TASK ITEM:
From the line containing "Kim Hyuna Instagram - 🤍" to the last line of the records, please reproduce every line exactly and nothing more.

DATA FOR REVIEW:
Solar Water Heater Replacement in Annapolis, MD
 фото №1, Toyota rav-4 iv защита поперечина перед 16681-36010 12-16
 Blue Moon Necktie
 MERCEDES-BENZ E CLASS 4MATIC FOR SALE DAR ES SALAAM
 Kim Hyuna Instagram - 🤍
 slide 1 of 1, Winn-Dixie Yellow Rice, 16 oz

RESULT:
 Kim Hyuna Instagram - 🤍
 slide 1 of 1, Winn-Dixie Yellow Rice, 16 oz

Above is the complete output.